Use a single label, a list of labels, or slices (e.g., df.loc[1] for the second row).

In [80]:
df.loc[2]

Name     charlie
Age           22
Marks         20
Name: 2, dtype: object

#### Combining Rows and Columns:

Access specific rows and columns together (e.g., df.loc[0:2, ['column1', 'column2']]).

In [81]:
df.loc[1:3,['Name','Age']]

Unnamed: 0,Name,Age
1,Bob,18
2,charlie,22
3,Dev,23


#### Selecting Columns:

Specify column labels (e.g., df.loc[:, 'column_name'] for all rows of a specific column).

In [82]:
df.loc[:,['Name']]             # It print all rows of Name Column

Unnamed: 0,Name
0,Alice
1,Bob
2,charlie
3,Dev


#### Boolean Indexing:

Filter rows based on conditions (e.g., df.loc[df['column_name'] > value]).

In [83]:
df.loc[df['Marks']>=30]

Unnamed: 0,Name,Age,Marks
1,Bob,18,48
3,Dev,23,35


#### When selecting specific rows and/or columns with loc or iloc, new values can be assigned to the selected data.

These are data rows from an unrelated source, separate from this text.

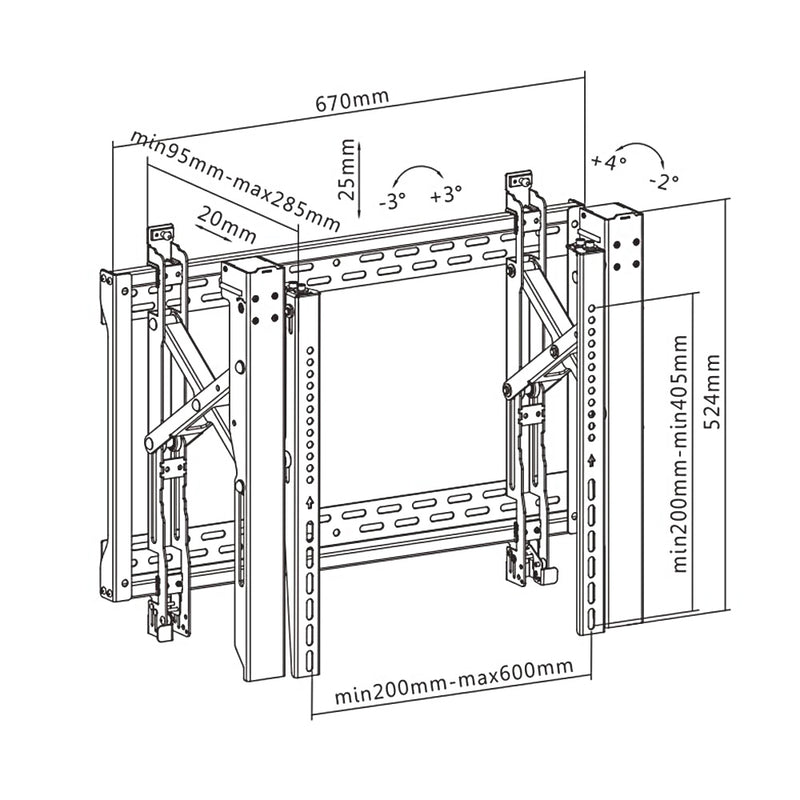 Video Wall TV Mount Bracket, Fully Adjustable Fits Sizes 45-70 inches - Maximum VESA 600x400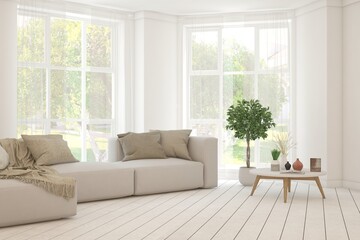 White living room with sofa and summer landscape in window. Scandinavian interior design. 3D illustration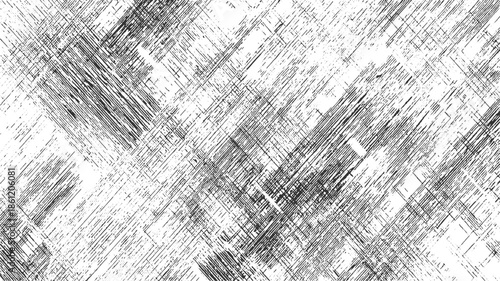 Black and white abstract linear texture with diagonal hatching and grid patterns background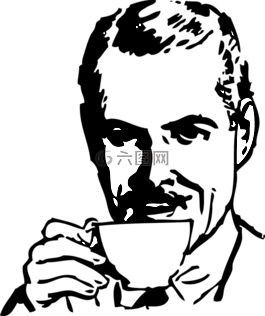 喝,咖啡,男子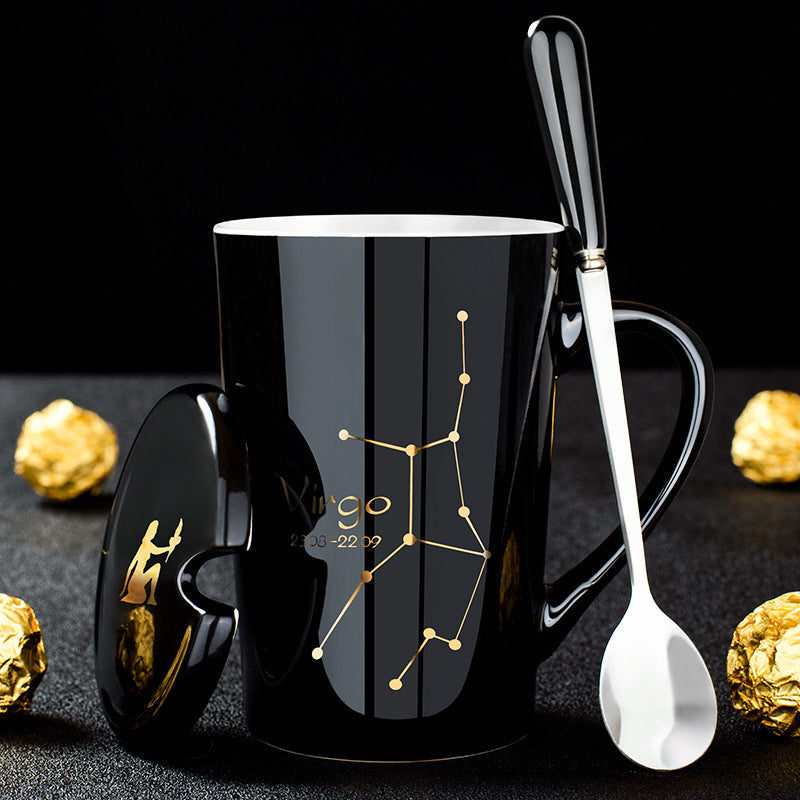 Black Zodiac Ceramic Mug For Cosmic Character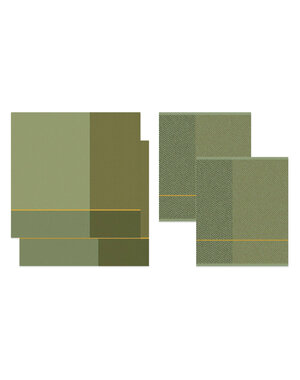 DDDDD Combiset 2 theedoeken + 2 keukendoeken Blend groen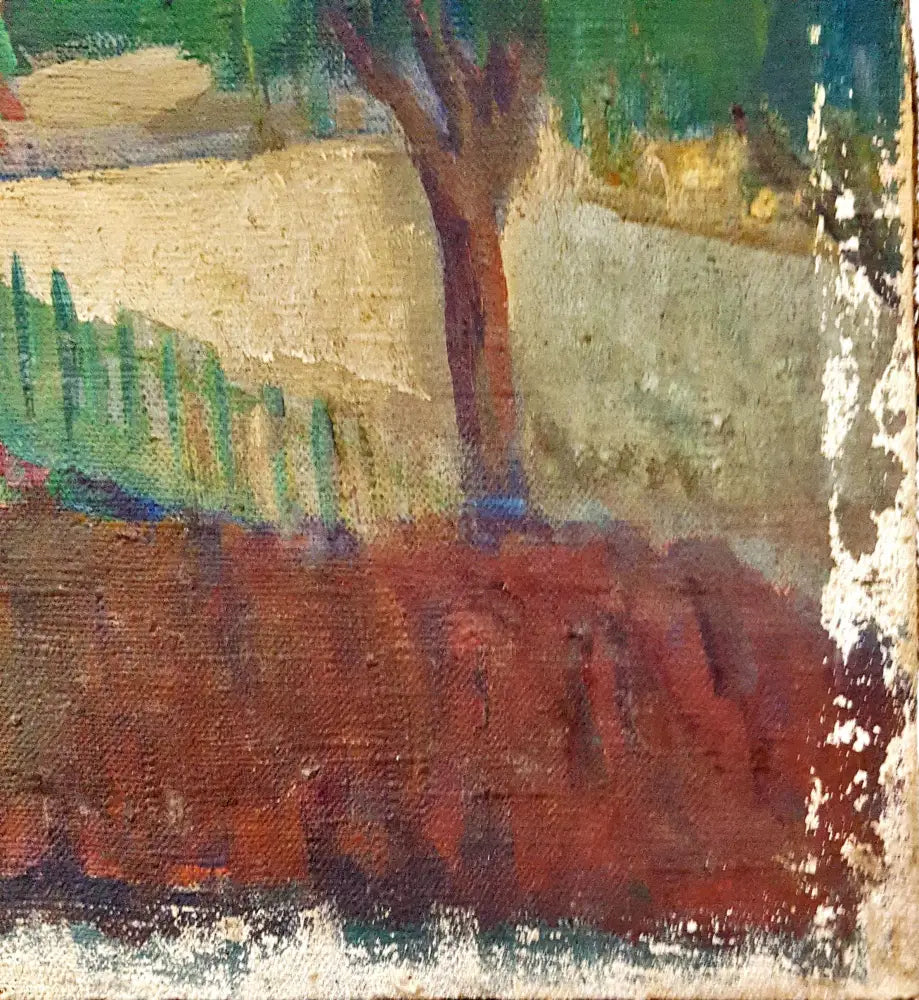Градски пейзаж с паметник, масло от неизвестен автор (1078) - Картина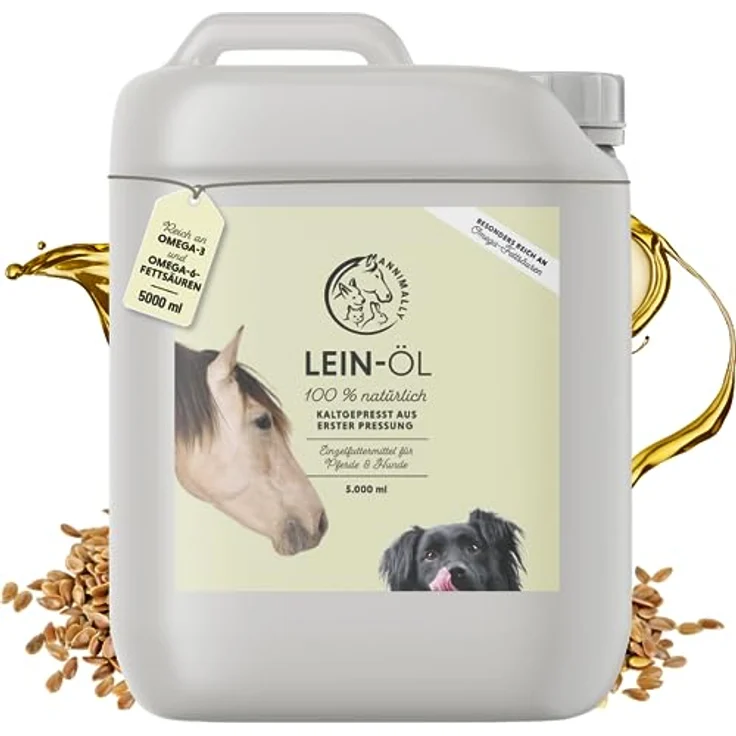 Annimally Premium Leinöl für Pferde & Hunde, 5l Kanister, kaltgepresst, reich an Omega 3 Fettsäuren, 100% natürlich, hergestellt in Deutschland – Bild 1
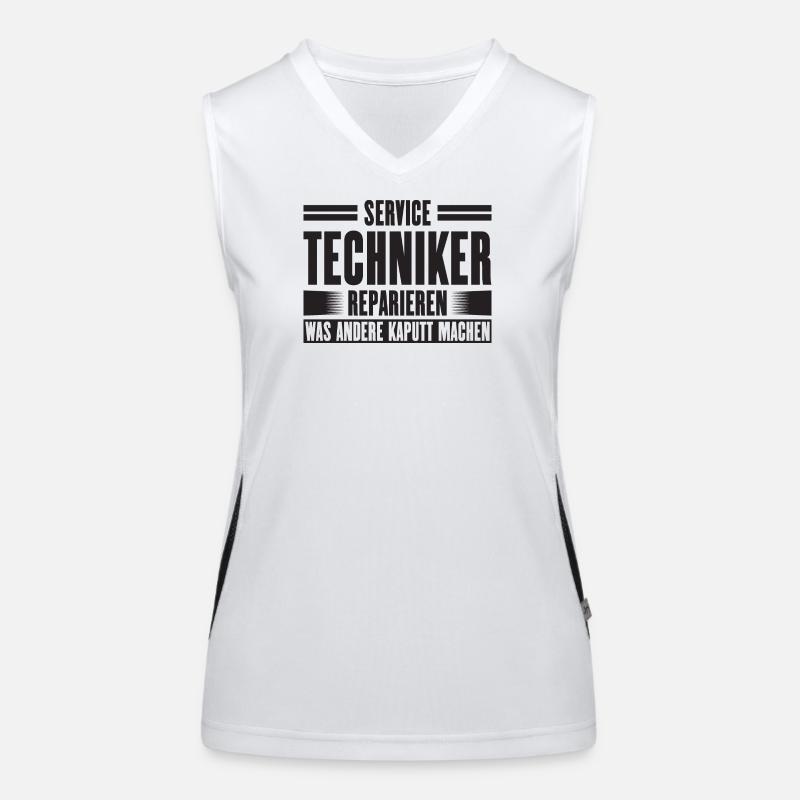 Service Technician Support Solution Slogan Service Débardeur respirant contrasté Femme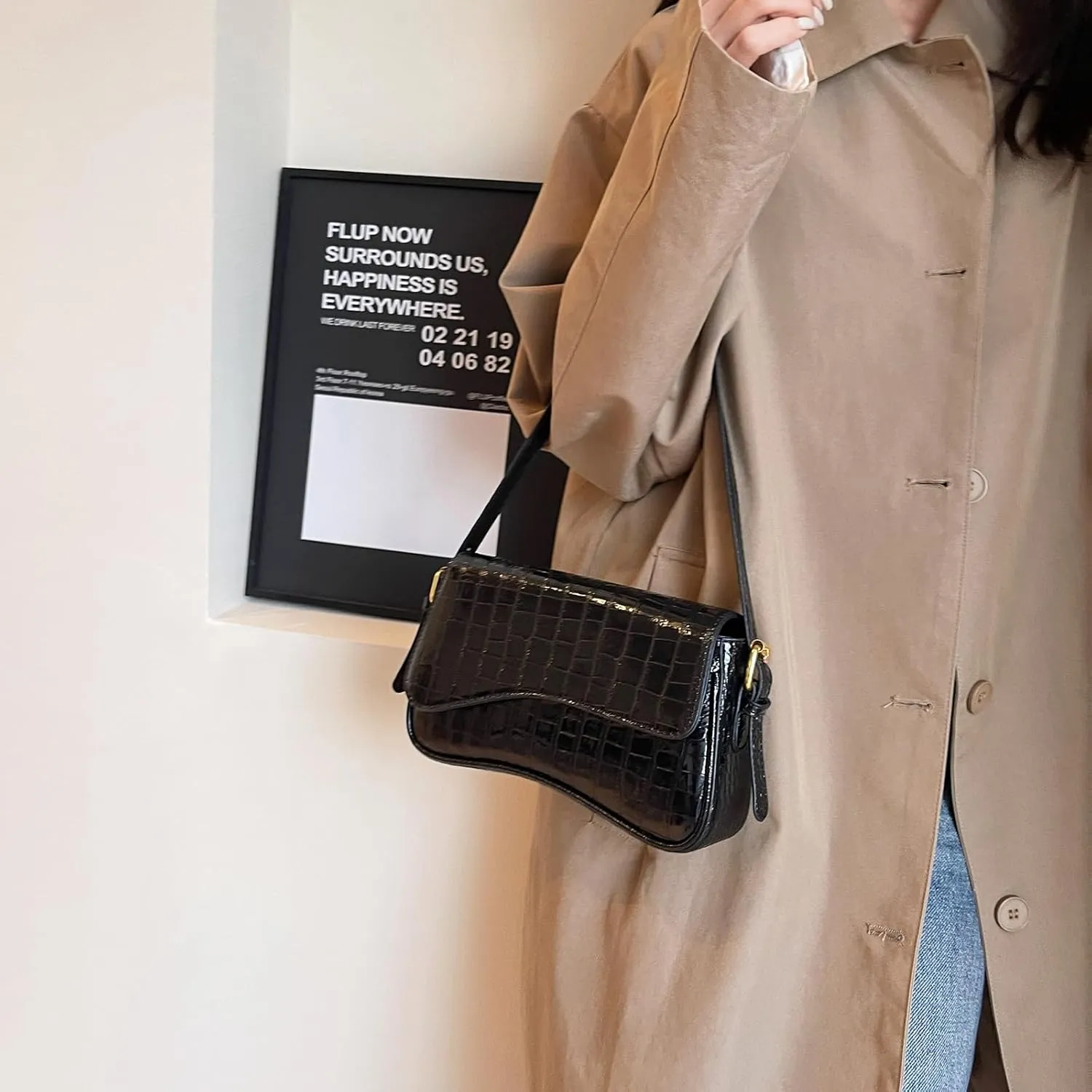PU Leather Tote Bag for Women with 2 Removable Straps and Zipper Closure
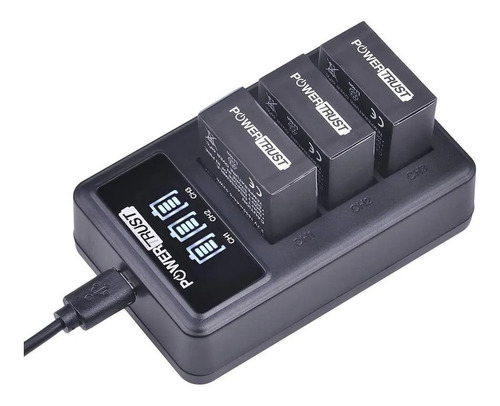 Imagen 2 de 4 de Cargador Power Trust Con 3 Baterias Para Gopro Hero 3 Y 3+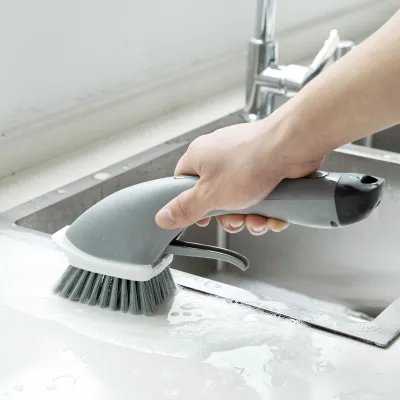 Multi-functional Water Spray Pot Brush Non-stick Kitchen Pot Washing Brush Long Handle Cleaning Brush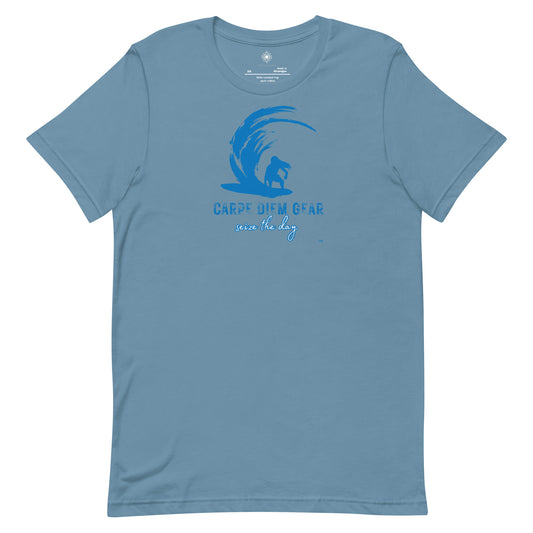 Carpe Diem Gear | Beach Life | Girl Surfing Tube | Unisex 100% Cotton T-Shirt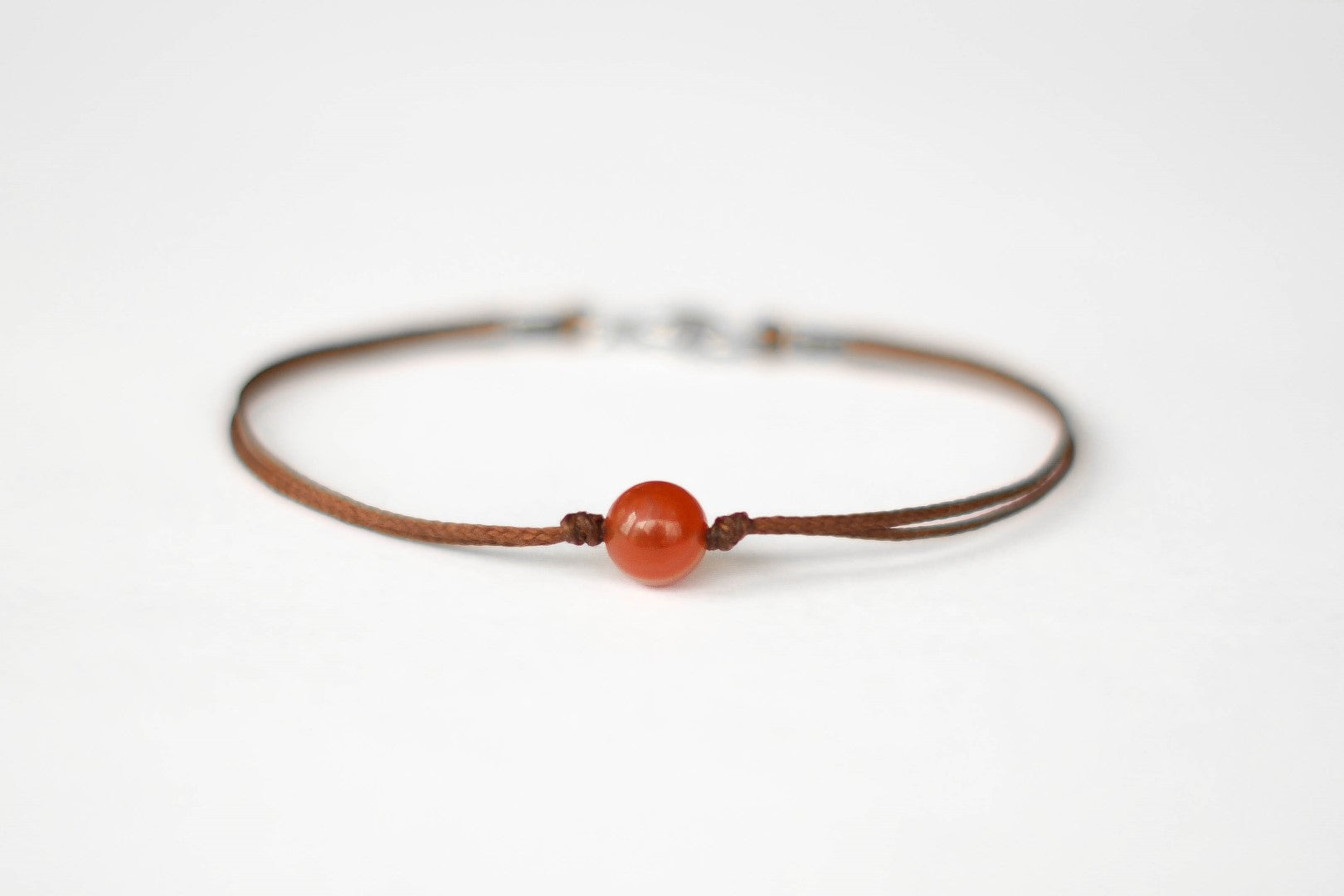 August birthstone bracelet for men, Sardonyx Agates bead brown bead stone, Christmas gift for him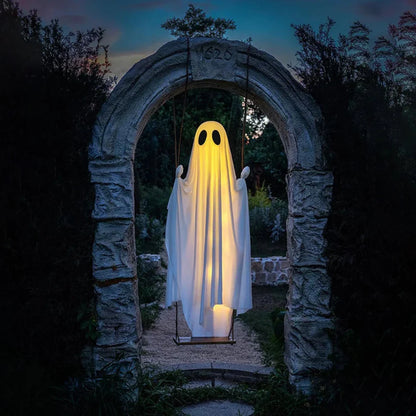 Halloween Outdoor Decoration Lighted Hanging Ghost Swing
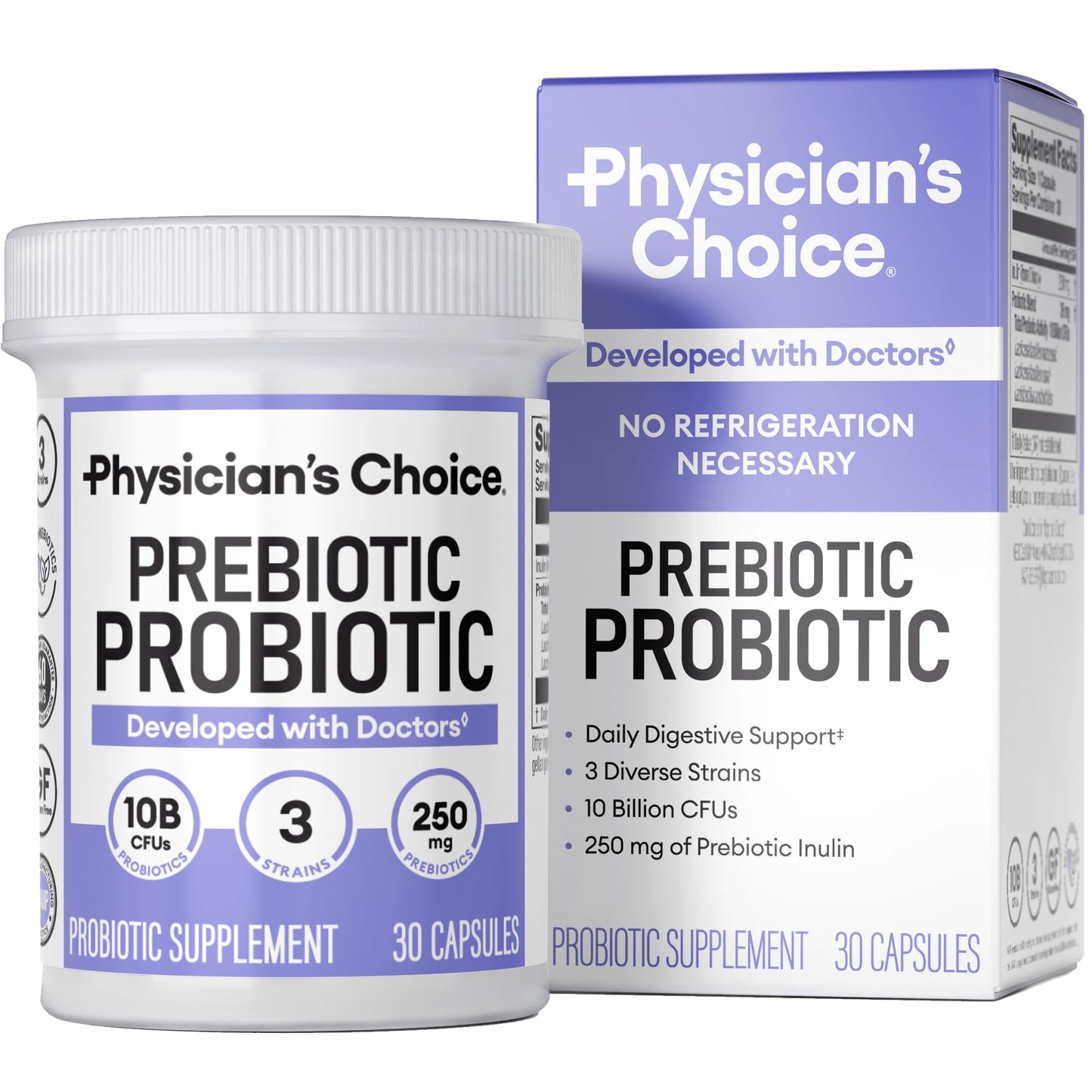 Physician's CHOICE Prebiotic-Probiotic - Multi-Strain Probiotics & Prebiotics for Digestive Health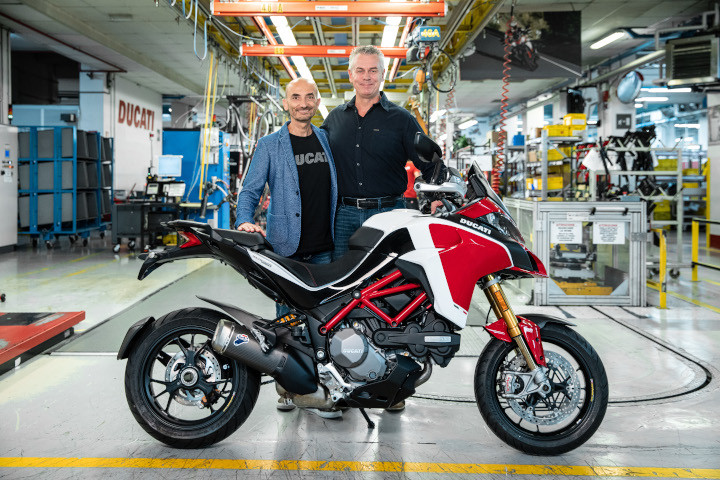 Claudio Domenicali handing over the 100,000th Multistrada to Dave Hayward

For example, to assign the name anonymous to the first 3 elements of the fourth column:

In [84]:
df.iloc[1:3, 1] = 'Wrong Data'
df

  df.iloc[1:3, 1] = 'Wrong Data'


Unnamed: 0,Name,Age,Marks
0,Alice,20,28
1,Bob,Wrong Data,48
2,charlie,Wrong Data,20
3,Dev,23,35


### REMEMBER

- When selecting subsets of data, square brackets [] are used.

- Inside these brackets, you can use a single column/row label, a list of column/row labels, a slice of labels, a conditional expression or a colon.

- Select specific rows and/or columns using loc when using the row and column names.

- Select specific rows and/or columns using iloc when using the positions in the table.

- You can assign new values to a selection based on loc/iloc.

________________________________________________________________________________________________________________________________________________________